Pitch Accent Lookup (Python Script)

Index » The Japanese language

  • 1
 
Reply #1 - 2012 May 08, 7:55 pm
Seren Member
Registered: 2012-02-27 Posts: 26

Hello everyone,


Introduction

I wrote a script to automatically look up the pitch accent of entries in a spreadsheet because I plan on beginning Core6k in a month or two and would like to have the pitch accents in my anki deck. The script automatically gets the pitch accent data from yahoo.co.jp (e.g. http://dic.yahoo.co.jp/dsearch?p=ӗ … ;dname=0ss)

This was intended for Core6k, but the program is designed to work with anyone's study list.

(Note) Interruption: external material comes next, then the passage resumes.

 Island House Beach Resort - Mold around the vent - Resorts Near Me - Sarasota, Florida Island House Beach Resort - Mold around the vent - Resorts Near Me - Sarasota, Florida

Edit: A primitive Anki plugin has been made for Anki 1.2.X: http://forum.koohii.com/viewtopic.php?p … 01#p176601)

Core 6k

I ran it with Nukemarine's Optimized Kore (http://forum.koohii.com/viewtopic.php?id=5322) and managed to confidentally determine the pitch accents of 4872/5094 (96%) of the entries that have kanji in them. The 906 (14%) kana-only entries would have to be manually looked over just to make sure that the dictionary entry was found due to the fact that yahoo.co.jp often returns an incorrect homonym for these entries.


Files

Here is the spreadsheet of the Optimized Core6k with the pitch accents that my program has determined (in columns S, T, U and V):

Only trust the pitch accents with uncertainties below 30 (81% of entries, or 96% of kanji+kana entries)
https://docs.google.com/spreadsheet/ccc … mw5dWJXVHc

Here is the folder containing the results of the program's analysis:
Rar: https://docs.google.com/open?id=0B5wqBC … 3hJN0YxTU0
Zip: https://docs.google.com/open?id=0B5wqBC … zBKTHphbEU
Incidentally, the uncertainties in the spreadsheet refer to where the analyzed file is located in the directory.

Here is the spreadsheet divided by the categories that need to be checked (use the tabs at the bottom to navigate):
https://docs.google.com/spreadsheet/ccc … 1REE#gid=4
Failed Dictionary Lookups [All] (150, 2.5%)
Figure Out Pitches [w/ Kanji] (52, 0.9%)
Verify Correct Page & Figure Out Pitches [Kana-Only] (40, 0.7%)
Verify Correct Page [w/ Kanji] (36, 0.6%)
Verify Correct Page [Kana-Only] (850, 14.2%)
Should Be Good [w/ Kanji] (4872, 81.2%)


I Would Like Help

I would really appreciate some help with the entries that my program has not been able to automatically parse, especially if other people would be interested having the pitch accents for all of core6k. I'm not very proficient in Japanese and that is in fact why I intend to do core6k. I myself shall be slowly going through these entries, but I made it so my spreadsheet at (https://docs.google.com/spreadsheet/ccc … 1REE#gid=4) can be edited so that you can contribute. All I ask is you delete the "No" in the verify column if the entry to be verified is correct.

In particular, I would need help with the files in Figure Out Pitches [w/ Kanji] (52, 0.9%), Verify Correct Page & Figure Out Pitches [Kana-Only] (40, 0.7%) and Failed Dictionary Lookups [All] (150, 2.5%)

Failed Dictionary Lookups
(should be fairly easy to do)

My program failed to find the dictionary entry. Someone needs to find the dictionary entry and input the correct pitches. This is divided into two main sections: "Did not find Dictionary Lookup?" and "Failed Dictionary Lookup?"

The "Failed Dictionary Lookup" entries were found in yahoo's second dictionary, the Daijisen. This makes it usually very easy to find the Daijirin's dictionary entry (the Daijisen may provide an alternate spelling that is contained in the Daijirin e.g. http://dic.yahoo.co.jp/dsearch?p=Ӥ … ;dname=0ss and http://dic.yahoo.co.jp/dsearch?p=ӕ … dname=0ss; must look up 御飯 instead of ご飯 to find the entry)


Verify Correct Page

For this part, it must be verified if the program found the right page (due to the possibility of homonyms or other incorrect results). If the right page has been found, then the right pitches should already be in place (except for the 40 in Verify Correct Page & Figure Out Pitches [Kana-Only]). In some cases, one can simply compare the title of the webpage (provided in the spreadsheet) to the actual word. In other cases, it may be necessary to check the page itself to make sure the right page was chosen.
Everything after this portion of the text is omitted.